Pages 362-398 contain a fascinating discussion that begins with the heading: "In Which We Lay Out A Theory Concerning the Three Elementary Forms of Domination, And Begin To Explore Its Implications For Human History." Graeber and Wengrow argue that the three bases of social power are a) control of violence, b) control of information/ sacred knowledge and c) individual charisma. They offer concrete examples of societies in which power and influence flowed from one of the three sources to a far greater extent than the other two.
Knowledge of the sacred
The authors discuss Chavin de Huantar in the Peruvian Andes, a city named Tiwanaku in Bolivia and in Norther Peru, a third culture called the Moche, major power centers in South America from about 1000 BC to 200 BC. These were not empires on the order of Rome with elaborate administrative structures and art that celebrated great emperors.

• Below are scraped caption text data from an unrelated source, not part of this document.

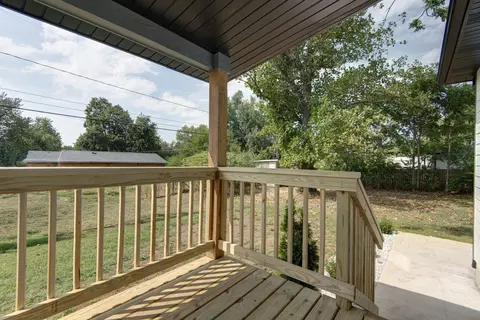 Exterior - 2930 W Olive St, Springfield, MO 65802 photo 3 of 6
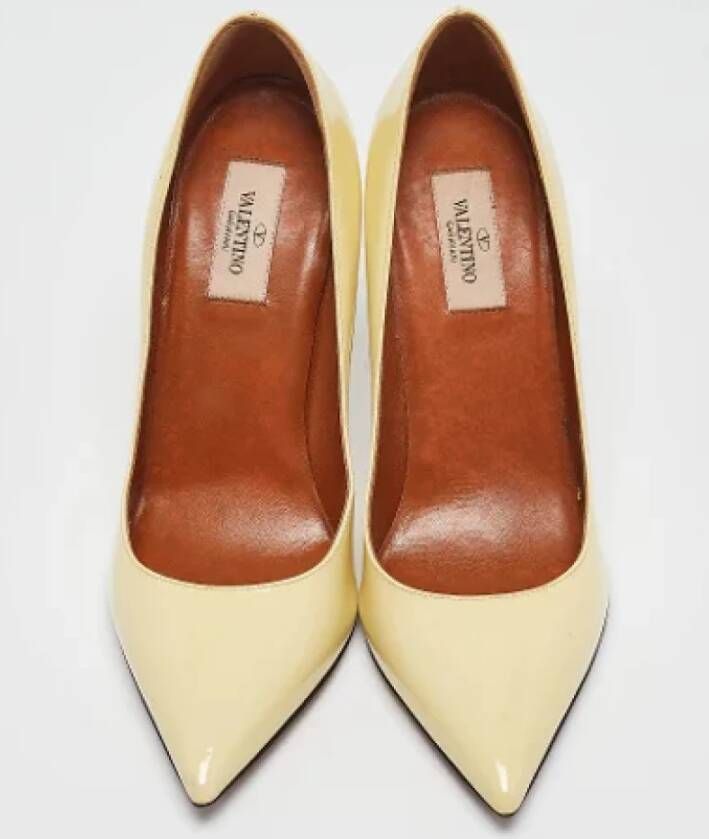 Valentino Vintage Pre-owned Leather heels Beige Dames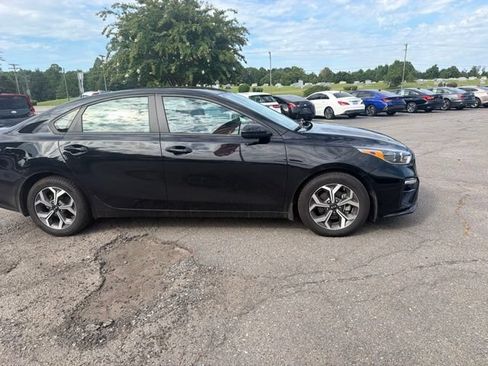 Used 2021 Kia Forte LXS FWD image 3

Regarding Chavin art, the authors comment:
"We are in another kind of visual universe altogether. It is the realm of the shape- shifter, where no body is quite stable or complete, and diligent mental training is tease out the structure from what at first seems visual mayhem." And "Up until recent times, a great many indigenous societies were still using systems of broadly similar kinds to transmit esoteric knowledge of ritual formulae, genealogies of shamanic journeys to the worlds of chtonic spirits and ancient familiars ... in the case of Chavin, we actually can be on fairly safe ground in assuming that these images were records of shamanic journeys, not just because of the peculiar nature of the images themselves, but also because of a wealth of circumstantial evidence relating to altered states of consciousness."

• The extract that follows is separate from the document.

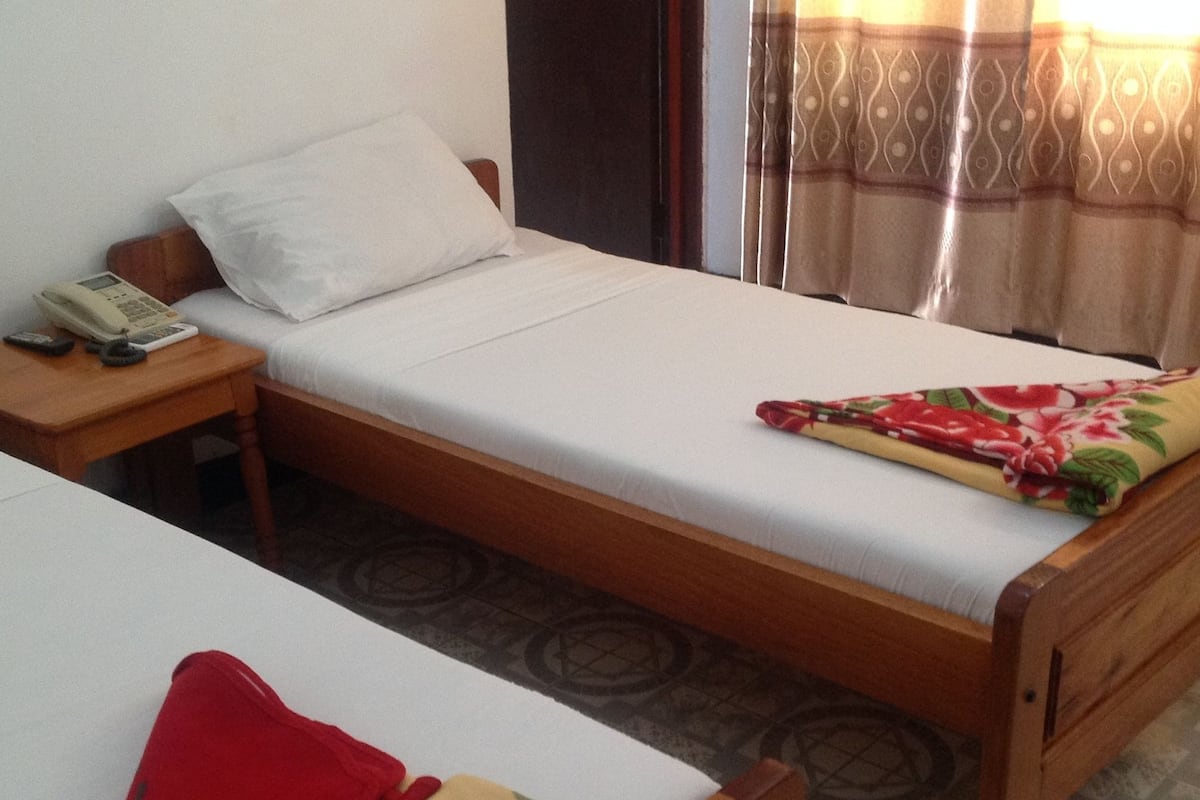 Quarto standard | Cofres nos quartos, Wi-Fi de cortesia, roupa de cama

Chavin carved images include "sculpted male figures with fangs and snake headdresses holding aloft the stalk of the San Pedro cactus. This plant is the basis of Huachuma, a mescaline based infusion still made in the region today which induces psychoactive visions. ... In fact, nothing in Chavin's monumental landscape really seems concerned with secular government at all. There are no obvious military fortifications or administrative quarters. Almost everything .. seems to have something to do with ritual performance and the revelation or concealment of esoteric knowledge." Indigenous informants told Spanish soldiers and chronicles for centuries that "For as long as anyone could remember, .. Chavin had been a place of pilgrimage but also one of supernatural danger on which the heads of important families converged to seek visions and oracles: the 'speech of the stones.' " (p. 388-89). In some ancient societies political power derived from esoteric knowledge of the sacred. In the most extreme cases direct personal and collective contact with the sacred, as conceived and experienced in that society, was valued above all else, including the power of military and political elites.

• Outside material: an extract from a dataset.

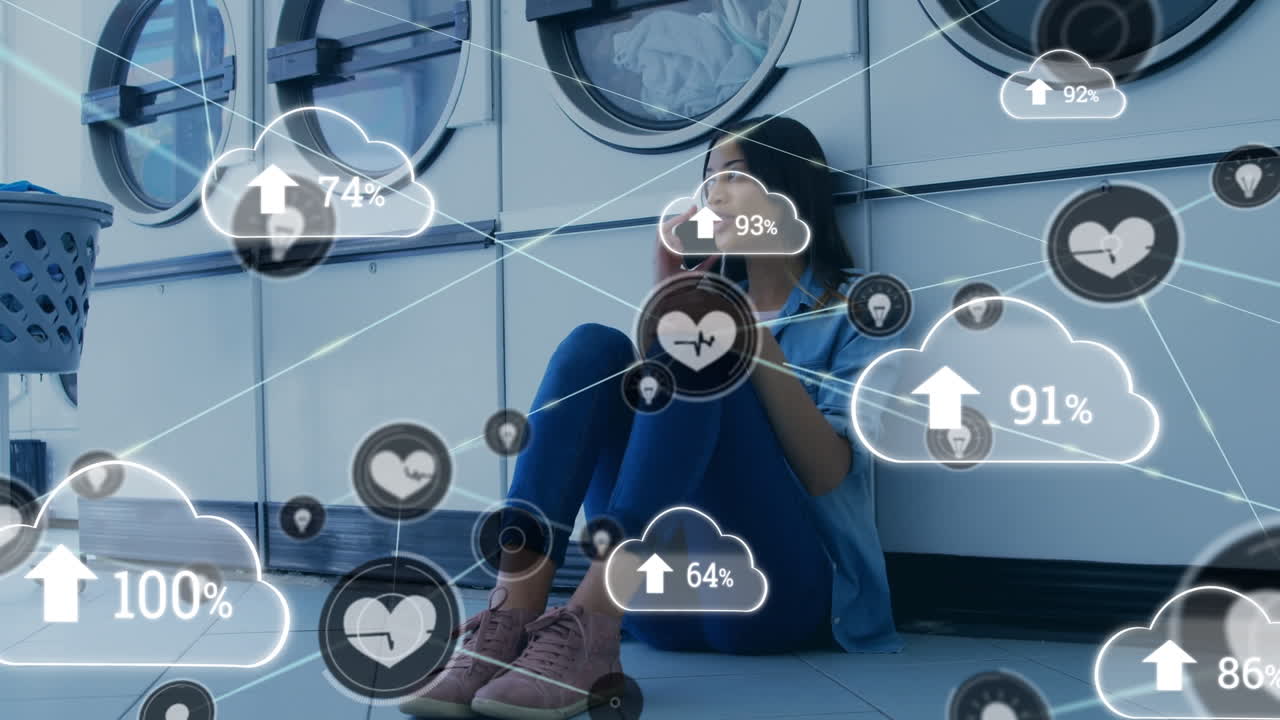 연결 네트워크의 애니메이션, 클라우드 및 스마트폰을 사용하는 두 인종 여성에 대한 비율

Roberto Calasso made similar observations regarding the Vedas in Ardor, i;e., they had no interest in history, conquest or other great deeds (as our civilization conceives them) except as means to an end. Calasso says of Vedic societies: "They left no objects or images. They left only words. Verses and formulas that marked out rituals. ... At the center of which appeared the soma, an intoxicating plant that has not been identified with any certainty, even today. Even then they spoke of it as a thing of the past. They could, it seems, no longer find it. ...They had no concern with leaving a record of their conquests. And those events about which we do have information deal not so much with exploits - military or administrative - but with knowledge." (pp. 3-4)
Charisma as the source of power and cultural influence
Graeber and Wengrow contrast the Chavin and their art to the Olmec, a civilization in Central America and Southern Mexico from about 1500 BC to 1000 BC, the "mother culture" it seems of later Mesoamerican civilizations, "having invented the region's characteristic calendar systems, glyph writing and even ball games." According to the authors, the Olmec were not a unified ethnic or political group. Olmec cities were not egalitarian, "they had clearly marked elites." And "Any further assessment of Olmec political structure has to reckon with ... its signature achievement; a series of absolutely colossal sculpted heads," carved from tons of basalt "and of a quality comparable with the finest ancient Egyptian stonework. These sculptures appear to be representations of Olmec leaders, but, intriguingly, they are depicted wearing the leather helmets of ball players." The authors believe there was a "direct relationship between competitive games and the rise of an Olmec aristocracy." In later centuries, "Stone ball courts were common features of classic Maya cities. .. The chief Maya gods were themselves ball players." In Maya epics, "mortal heroes and underworld gods collide" in a ball game "leading to the birth of the hero Twins Hunahpu and Xhalanque, who go on to beat the gods at their own deadly game, and ascend to take their own place among the stars." (pp. 384-85) The authors maintain that "The fact that the greatest known Maya epic centers on a ball game gives us a sense of how central the sport was to Maya notions of charisma and authority." ( p. 385) And "It is easy to see why the Olmec, with their intense fusion of political competition and organized spectacle are nowadays seen as cultural progenitors of later Mesoamerican kingdoms and empires; but there is no evidence the Olmec themselves ever created an infrastructure for dominating a large population. Nevertheless, "they presided over a remarkable spread of cultural influence radiating from ceremonial centers ... if these were 'states' in any sense at all they are probably best defined as what Clifford Gertz once called 'theatre states', where organized power was realized only periodically, in grand but fleeting spectacles." (p.386)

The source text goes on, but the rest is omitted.